Hadja Lahbib presents Belgian priorities to the UN Human Rights Council
27 February marks the start of the 52nd session of the United Nations Human Rights Council in Geneva, which will run until 4 April. This is also the first session of the Human Rights Council since Belgium has started its third mandate in this most important human rights body on January 1st. Minister for Foreign Affairs Hadja Lahbib will attend the opening of the 52nd session on 27 and 28 February to present Belgium's priorities.
The universal protection and promotion of human rights is a cross-cutting priority of Belgian foreign policy. This commitment will be at the centre of Belgium's membership of the UN Human Rights Council and is in line with Belgium's most recent mandate as an elected member of the UN Security Council in 2019-2020.
Belgium's campaign to be elected to the Human Rights Council was built around themes such as strengthening accountability and the Rule of Law; promoting social space and protecting human rights defenders; gender equality and the fight against discrimination. Belgium will put emphasis to these themes throughout its three-year mandate.
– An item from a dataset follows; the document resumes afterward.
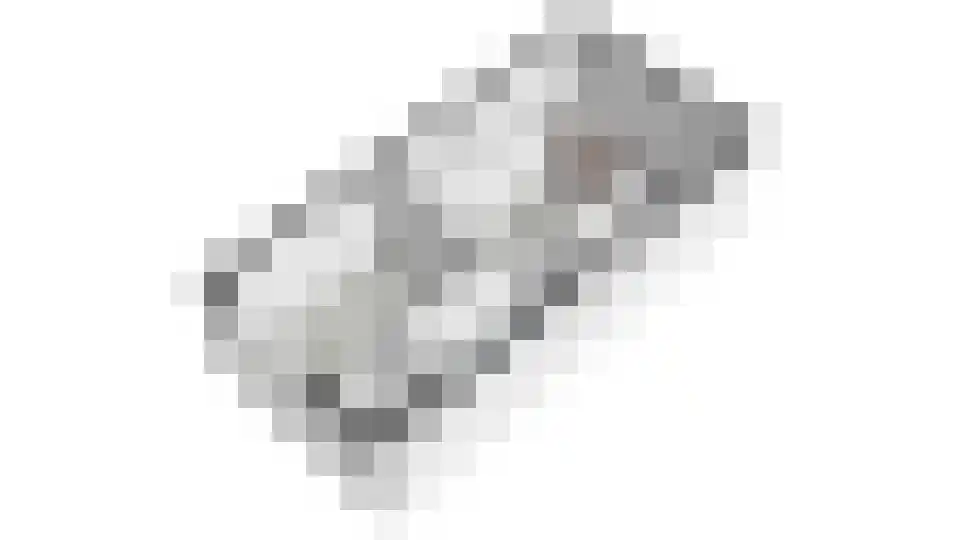 Bladmos 25 Nieuwerkerk aan den IJssel thumbnail 40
The Human Rights Council will consider a large number of geographical dossiers. Amongst those, Belgium will closely follow up on the human rights situations in Afghanistan, the occupied Palestinian territories, DRC, Ethiopia, Iran, Mali, the Russian aggression war in Ukraine, and Belarus. Children's rights and the fight against the death penalty are thematical dossiers that Belgium wil put emphasis on. As always, Belgian positions will be determined in close consultation with EU partners. In addition to Belgium, the Human Rights Council currently includes Germany, Finland, France, Lithuania, Luxembourg, Romania and the Czech Republic.
Minister Lahbib will address the Ministerial opening of the 52nd session on 27 February as well as participate in a side-event organised by Belgium on the protection of lawyers whilst taking up a role as human rights defenders. Around the world, lawyers are increasingly victims of targeted hate campaigns on social media, or even physical attacks, persecution, arrest and detention. According to the Special Rapporteur on the independence of judges and lawyers, more than 2,500 lawyers were murdered, abducted or imprisoned between 2010 and 2020.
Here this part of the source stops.